ユキ

パピチャ 未来へのランウェイのユキのレビュー・感想・評価

3.8
90年代、内戦下のアルジェリアで、徐々に人々、特に女性が息苦しく弾圧される空気が高まっていく。明るい展望も萎んでいく様子というか予感が、冒頭の流れでよく表されている。

主人公ネジュマはファッションデザイナーになりたいという夢がある大学生で、品行方正というわけでもないけど、ちゃんと自分で考えて手も動かす、地に足のついた人物造形だなと感じる。そんな主人公が頑張って服を作って、ファッションショーを開催!というベタな青春物語も命懸けとなってしまうのが辛い。

いってしまえば、自分の生まれた国で好きな服を着て、自分の選択した職業に就くために頑張って暮らしたい。これ、それほど困難なことだろうか?と思うのだけれど、それらの思いは次々に捻じ伏せられていく。
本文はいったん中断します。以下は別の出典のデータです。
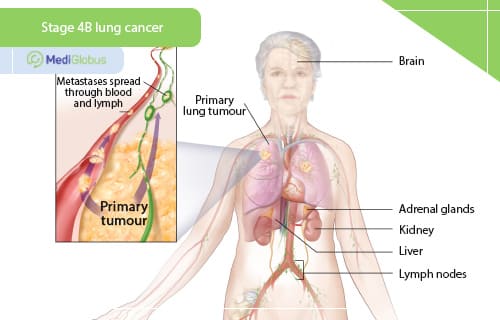 Is there hope for stage 4 lung cancer?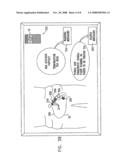 Non-invasive ultrasonic body contouring diagram and image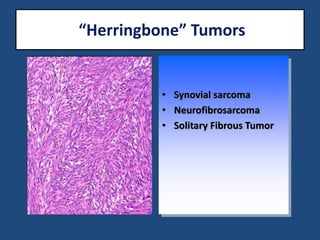 “Herringbone” Tumors
• Synovial sarcoma
• Neurofibrosarcoma
• Solitary Fibrous Tumor
 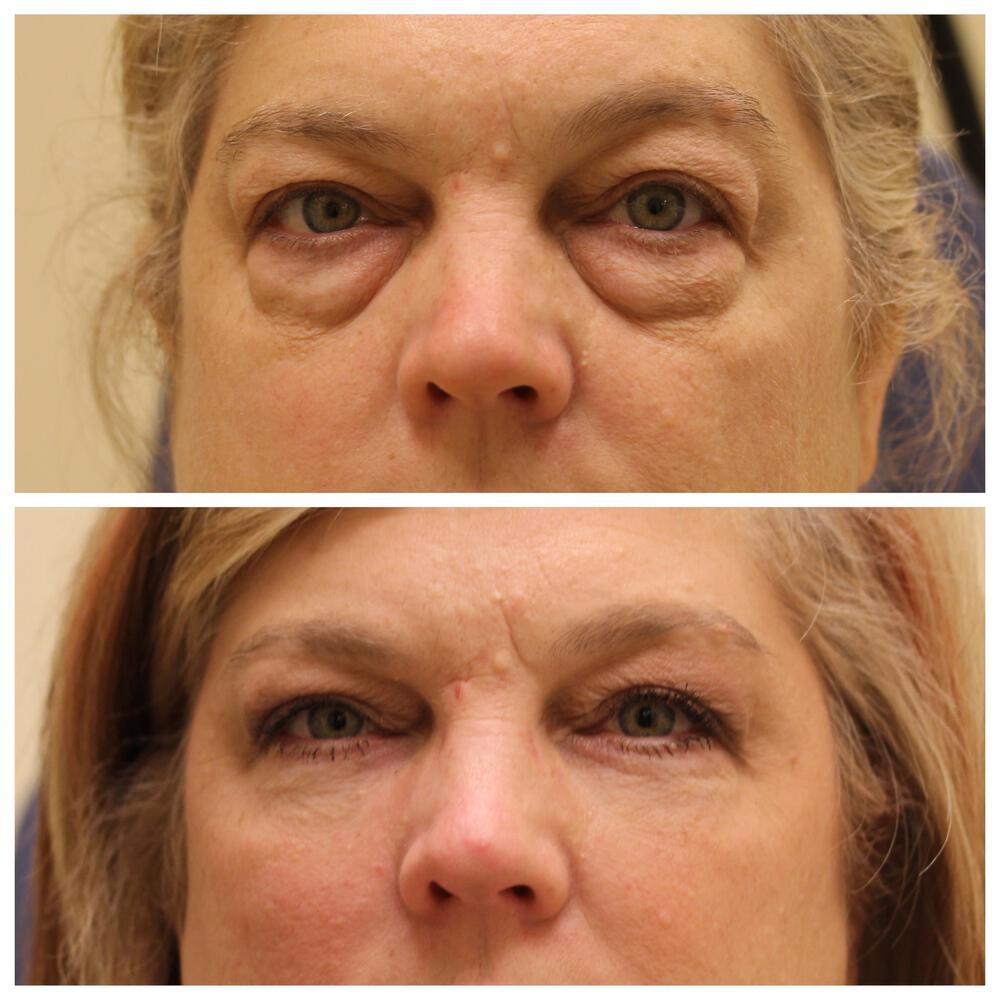 Blepharoplasty Before & After Image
寮の扉、国境、女性がゲートを通過しようとすると、いつもそこに男性が立ちはだかる。いや、移動だけでなく、自分の生まれた国に居続けようとするだけでも、男性が必要となってくる。なんと恐ろしいことであろうか。
と思っていたけれど、この作品では、女性が女性の生き方を弾圧するような行動をしていることも描かれていて、結局のところ暴力、権力を笠に着てしまう隣人たちが恐ろしい。

劇中起こる出来事に、どんな顔をすればいいのかわからなくなってしまった主人公がそれを洗い流し、自分の生まれた土地から生まれたもので染め直す。この一連のシーンに、彼女としての闘い方を見たように思う。